The responsibility is the director of housekeeping’s to ensure that proper handling systems are in place. Keep items off of the floor! Keep your linen closets neat and clean.
The responsibility is the food-and-beverage director’s, too! Use clear plastic bags so you can see what’s inside when collecting linen and trash. Move the soiled-linen hamper away from the dishwashing area. Shake out all the F&B linen before bagging and sending it to the laundry. Avoid napkin rollups, as they shorten the life of table linen. Forks and knives rolled up in a napkin create holes in the napkin that the ironer is often blamed for.
The responsibility is the linen vendor’s. It has to maintain an adequate stock for your needs. New bedding products are in great demand nowadays. You may need to allow more time for your goods to arrive — a good reason to increase your circulating pars. You may need a customs broker if your products are coming from overseas.
My advice is to make it a team effort. And it never hurts to walk around your facility and experience what’s happening with your textiles.
TEXTILES: Kevin Keyes is the Laundry Service Team (LST) leader for Milliken and Co.’s Napery Fabrics Business. His team provides technical and marketing support to the textile rental industry. He’s been with Milliken for 18 years, having served the first 11 in textile manufacturing.

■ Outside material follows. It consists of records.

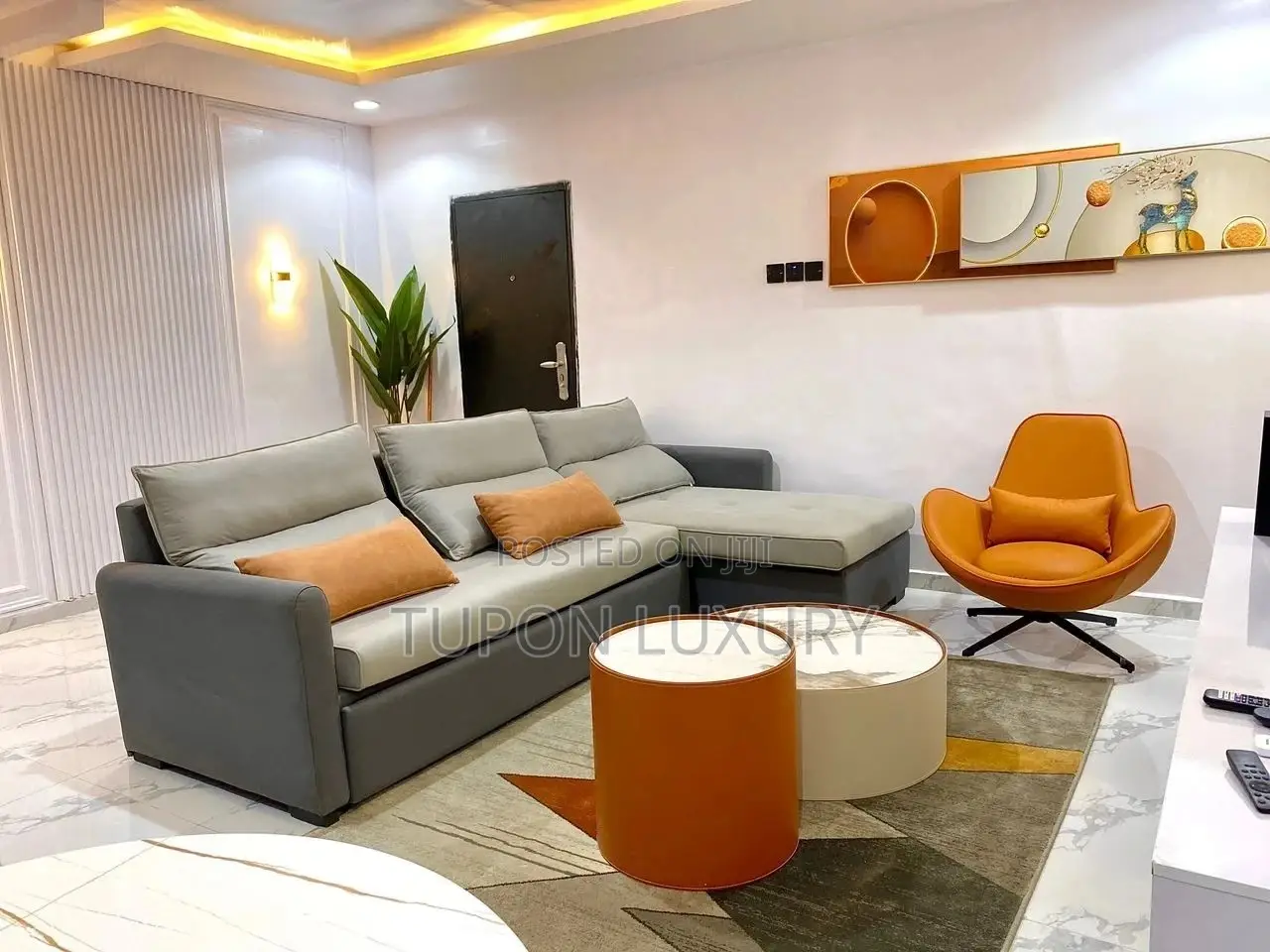 Clean Luxury 1 Bedroom Apartment. in Lekki Phase 1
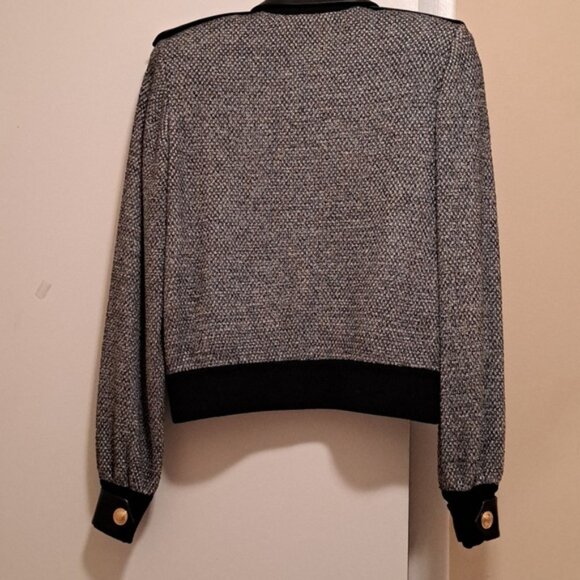 St John Collection Marie Grey Vintage Knit Short Jacket Leather trim sz S - Picture 9 of 13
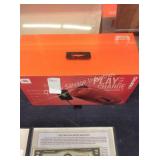 1 LOT JBL CHARGE 4 SPEAKER (DISPLAY)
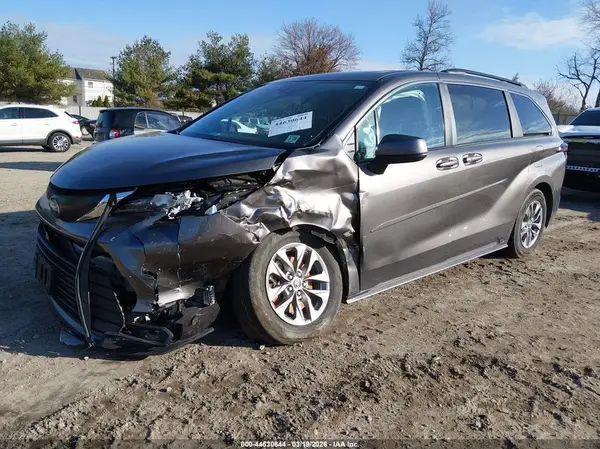 5TDBSKFC3RS126590 2024 TOYOTA SIENNA - Image 2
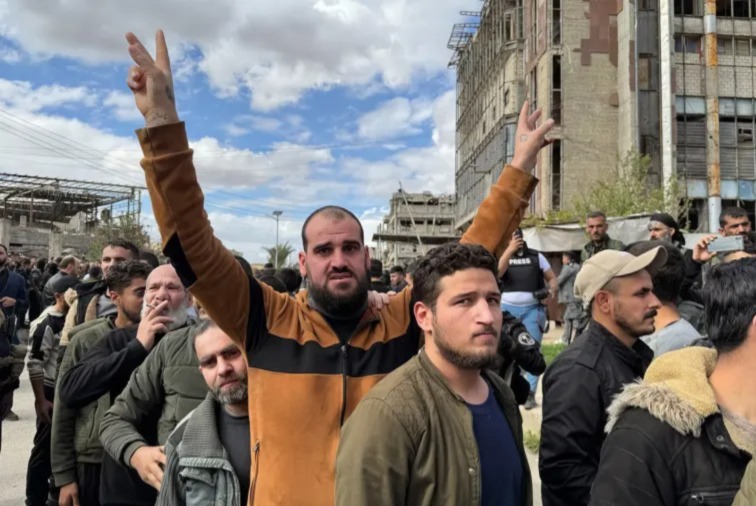 تبادل للأسرى بين الحكومة السورية و"قسد" في حلب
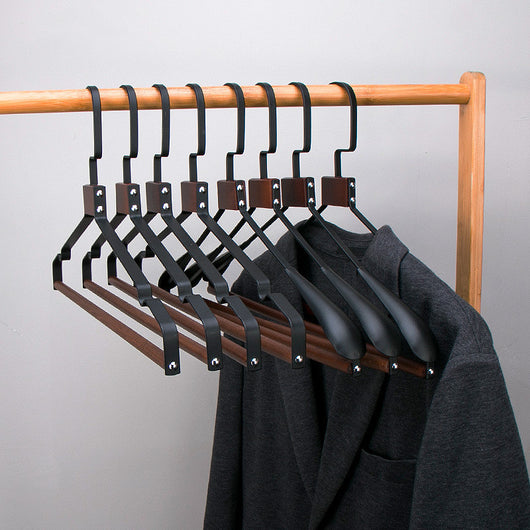 Perchero de Lujo Minimalista con Hombros Anchos en Hierro y Madera - Image 20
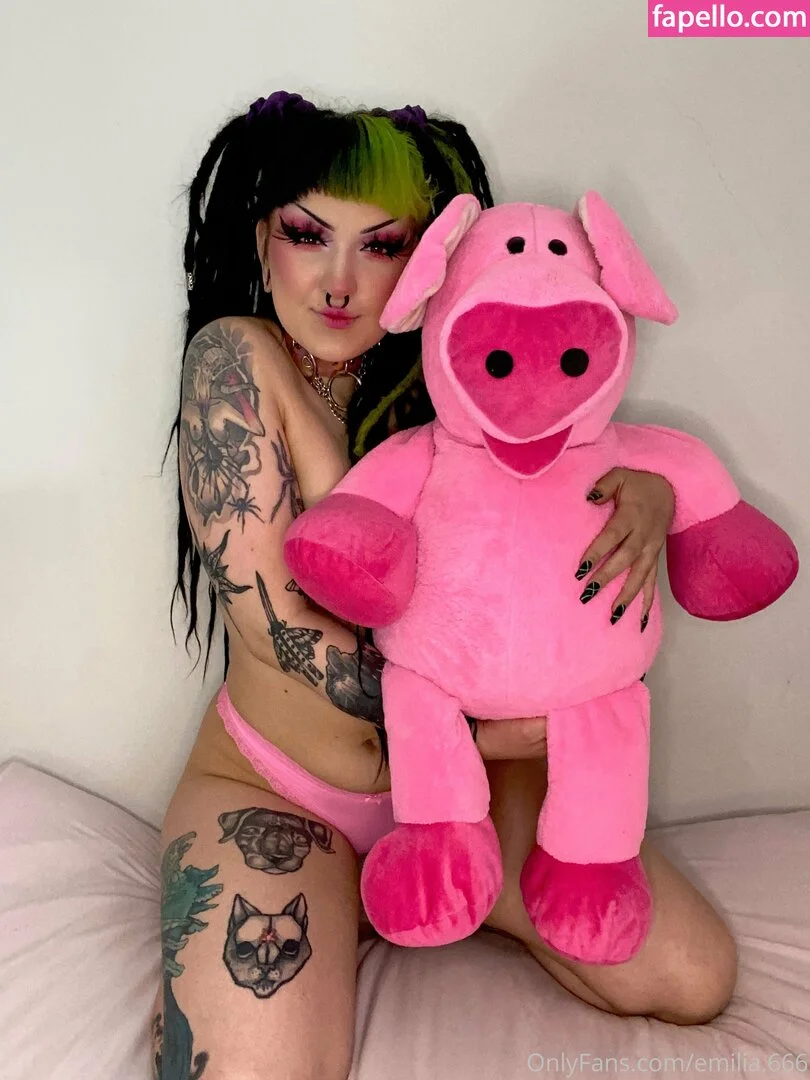 missevilia Onlyfans Photo Gallery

The first step in getting the longest useful life out of your textiles is gaining an understanding of what your products are made of. Different fabrics need to be treated differently, especially during washing. For example, cotton fabrics need to be handled in a different manner than polyester.
During the wash process, fabrics are subjected to a variety of chemicals and mechanical action to get them clean. With any fabric, you want to be able to utilize a formula that does the job with the least amount of wear and tear.
Proper amounts of chemistry, mechanical action, time and temperature (the classic wash pie) are needed to clean any fabric. Knowing how textiles react to these different factors will help you extend their life.
Cotton fabrics are alkali-friendly but don’t like bleach. On the other hand, polyester fabrics can easily take bleach but don’t do well in a high-alkali environment. This brings me to another point about bleach. Bleach and colors don’t go together! Polyester fabric may be able to handle the bleach, but the color can’t. Cotton just doesn’t like bleach – period. You want to use as little bleach as possible to get the job done. Also, rinse fabric thoroughly to ensure there are no residual chemicals left.
After the goods are dried/ironed/folded, wrap them in some type of protective wrapping. During transportation, the textiles are exposed to any number of things, like sharp edges, that can reduce the life of the product. A good wrapping will also prevent possible dirt and stains from getting on the product if it’s dropped. If the goods get dirty during transportation, they have to be washed again, which reduces product life.
Finally, preventing abuse by the end user will prolong linen life. Sort soiled goods separately and avoid mixing them with items that could cause further damage. Also, store the goods in a clean, dry place when not in use.
Using these guidelines will allow you to achieve the longest useful life out of your linen investment.